INSTRUCTIONS TO FOLLOW. Begin with the line holding "Striped Baseball Cap in Linen, Multicolour" and end with the last line of the records below. Set down exactly those lines and leave out every picture.

-*-*-

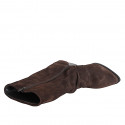 Botas para mujer en gamuza marrón oscuro con vuelta y cremallera, tacón 4 - Tallas disponibles:  33, 34, 35, 42, 45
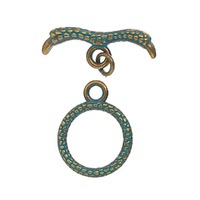 Toggle Clasp - Round Claw Bar with Patina Finish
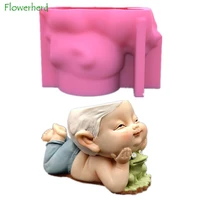 toad boy diy 3d creative pen holder flower pot silicone mould aromatherapy candle food grade chocolate cake decoration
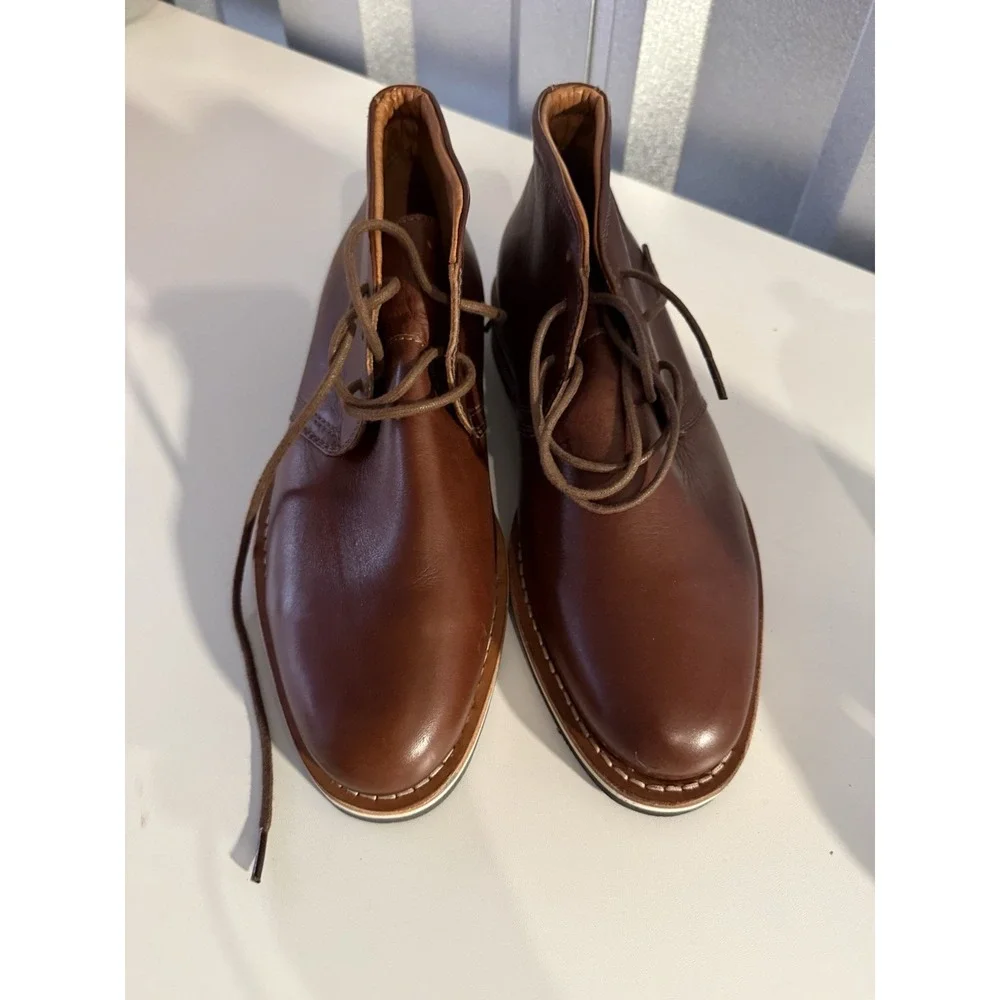 HELM The Hynes Boots Chukka Whiskey Leather‎ Men Size 8M New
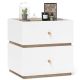 Costway 1 PCS 2-Drawer Nightstand Modern Bedside Table with Storag Raised Edge for Living Room - Natural + White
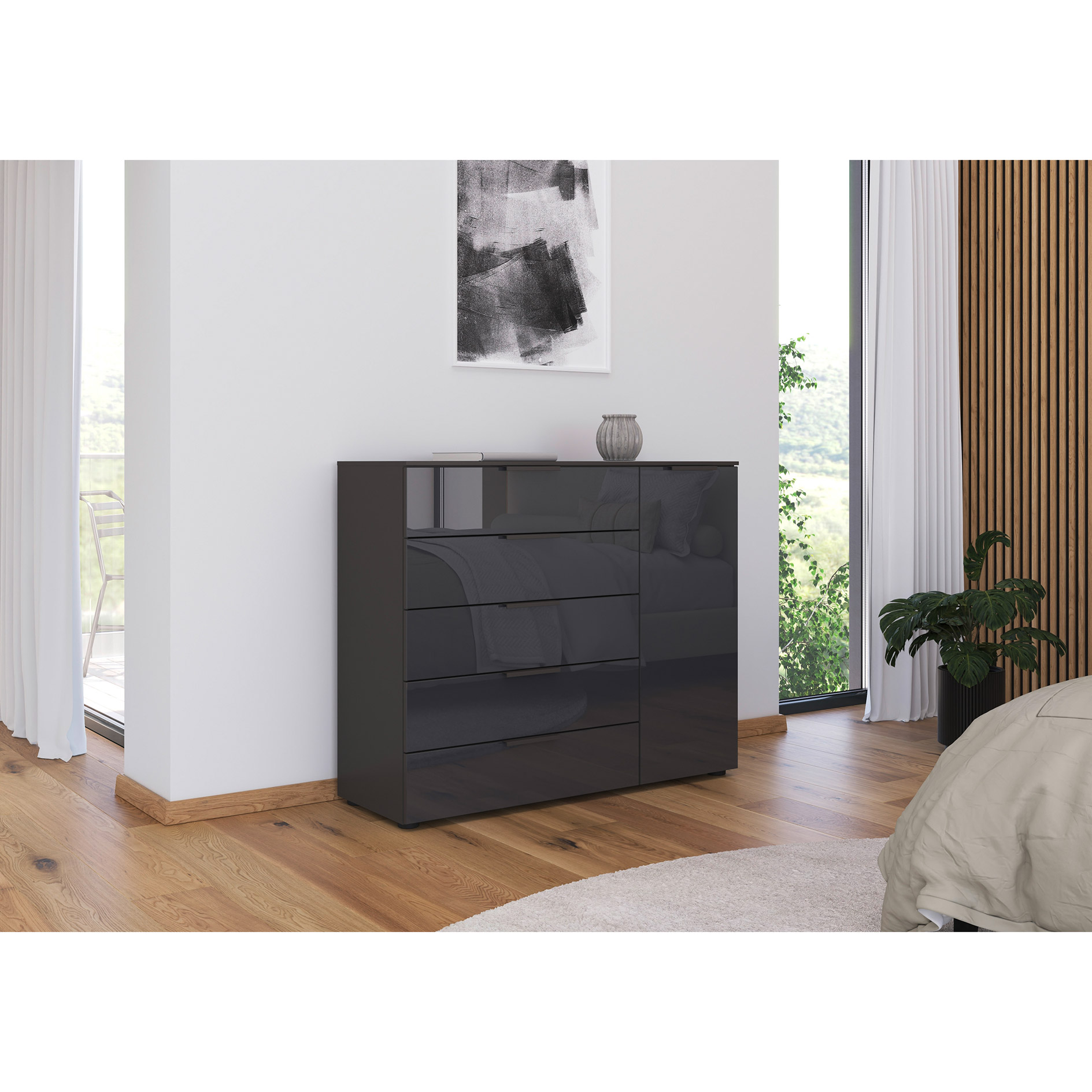 Kommode - graphit-Basaltglas - Graphitgriffe - 120 cm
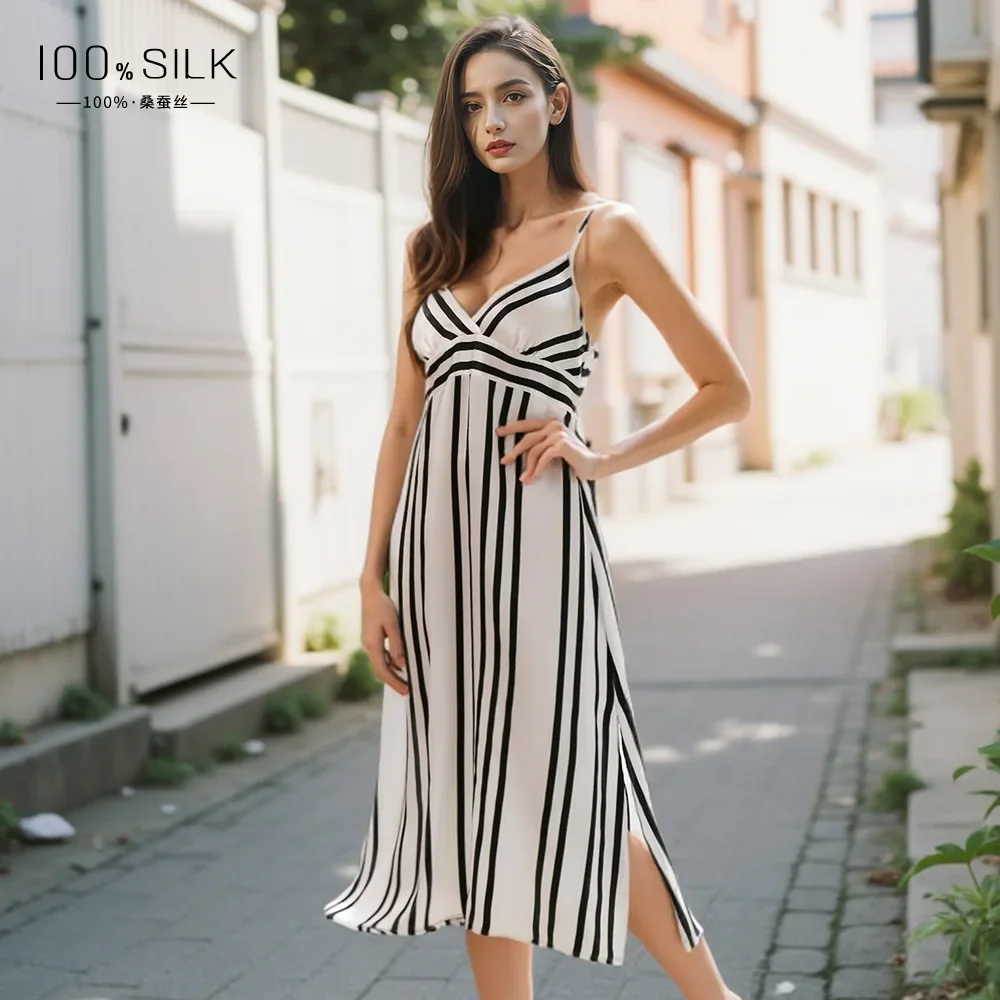 

Mulberry Silk Long Nightgown Black Stripes Maxi Dress Sleepwear Deep V Sexy Lingerie Sling Dresses Slit Robe Elegant Office Lady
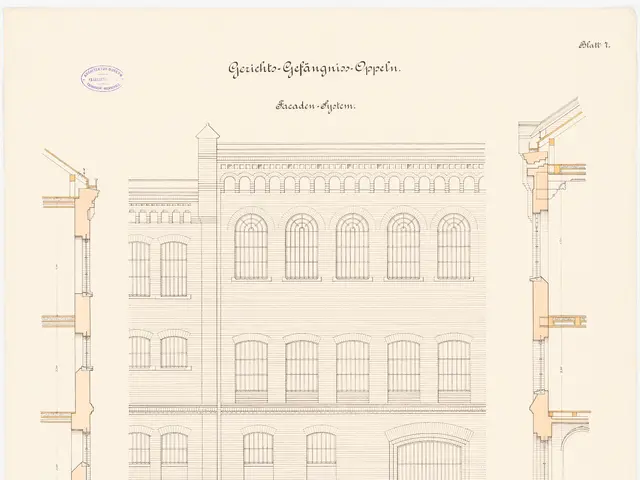 The image shows a drawing of a building with a lot of windows and a door, which is the facade of...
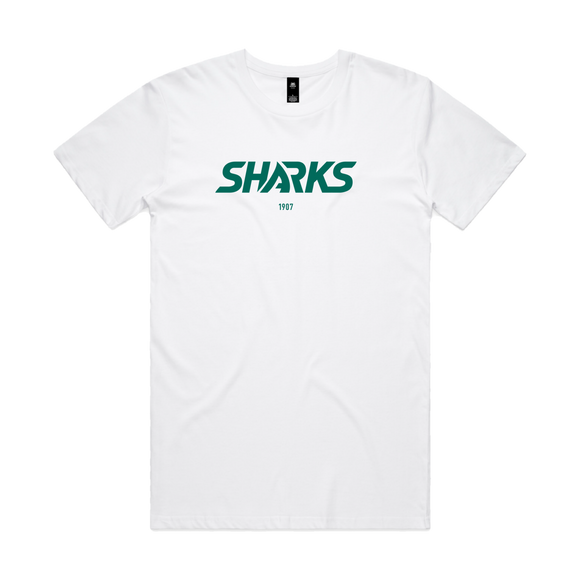 Aussie Sharks White Supporters Shirt - flat lay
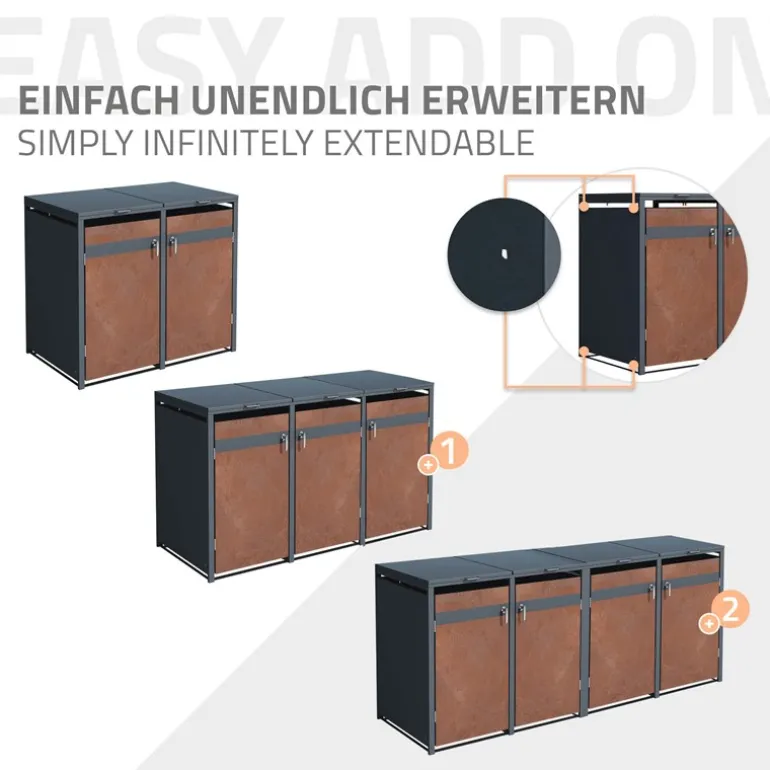 Mülltonnenbox 2er bis 240L 132x80x116,3 cm aus Stahl in Rostoptik ML-Design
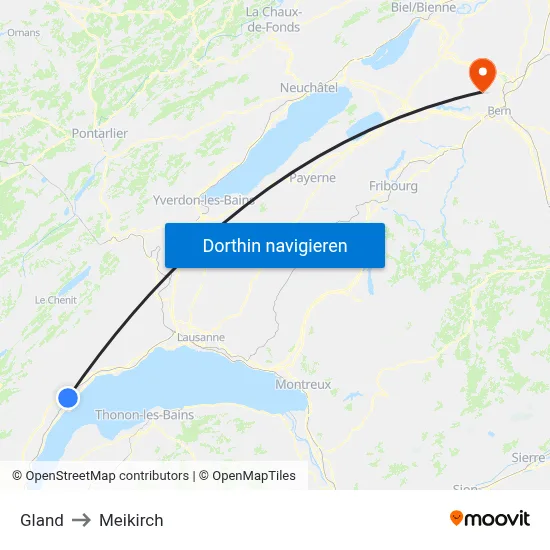 Gland to Meikirch map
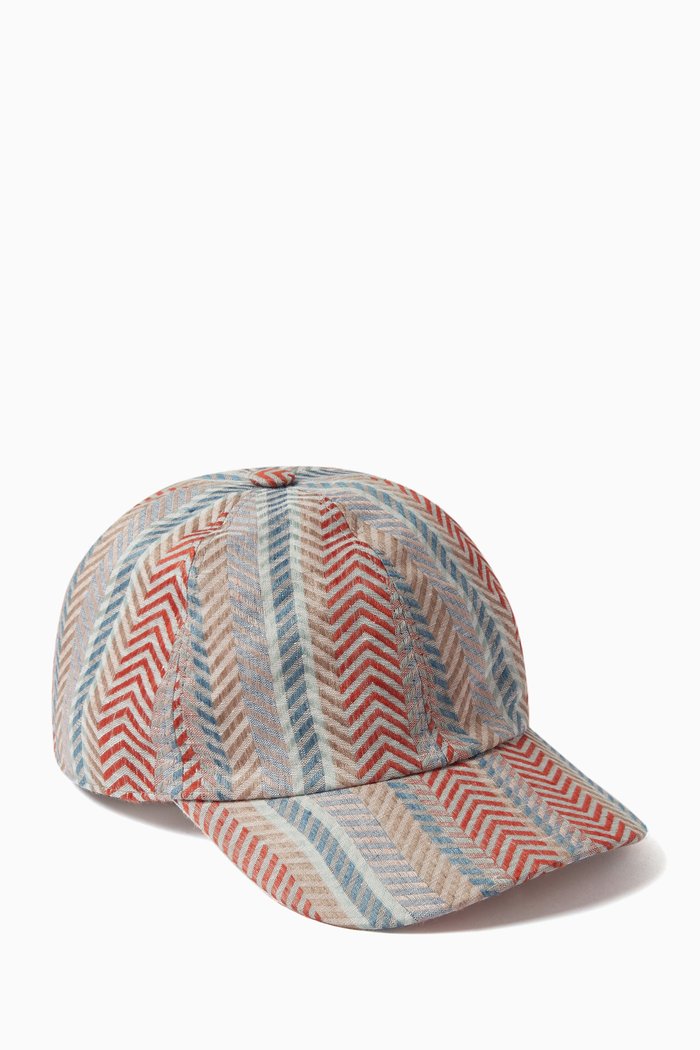 

Striped Baseball Cap in Linen, Multicolour
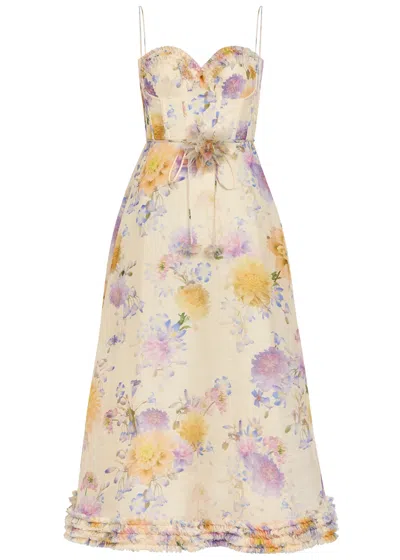 Zimmermann Luna Floral-appliquéd Linen And Silk-blend Midi Dress In Multi
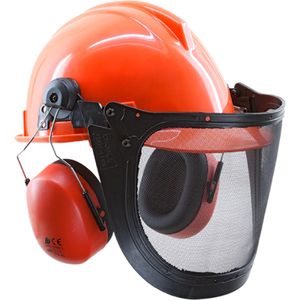 Waldarbeiterkopfschutz Kopfschutz Helme Waldarbeiter-Helmset orange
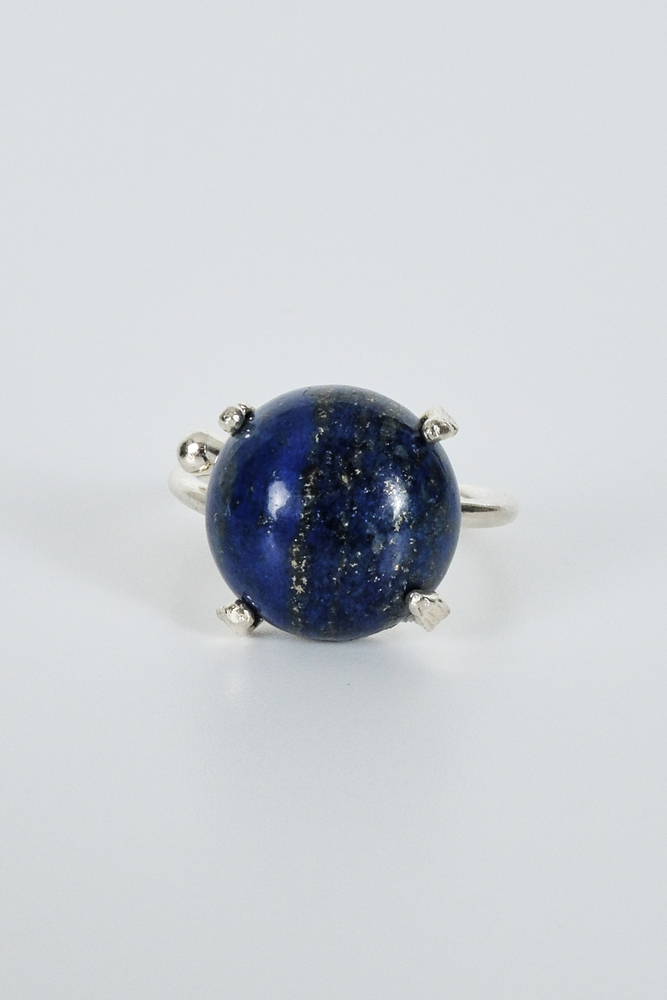 BE BLUE - LACİVERT KOPAL TAŞLI SILVER AYARLANABİLİR YÜZÜK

-*-*-

ANSWER SECTION.
Striped Baseball Cap in Linen, Multicolour
 Zimmermann Luna Floral-appliquéd Linen And Silk-blend Midi Dress In Multi
 Waldarbeiterkopfschutz Kopfschutz Helme Waldarbeiter-Helmset orange
 BE BLUE - LACİVERT KOPAL TAŞLI SILVER AYARLANABİLİR YÜZÜK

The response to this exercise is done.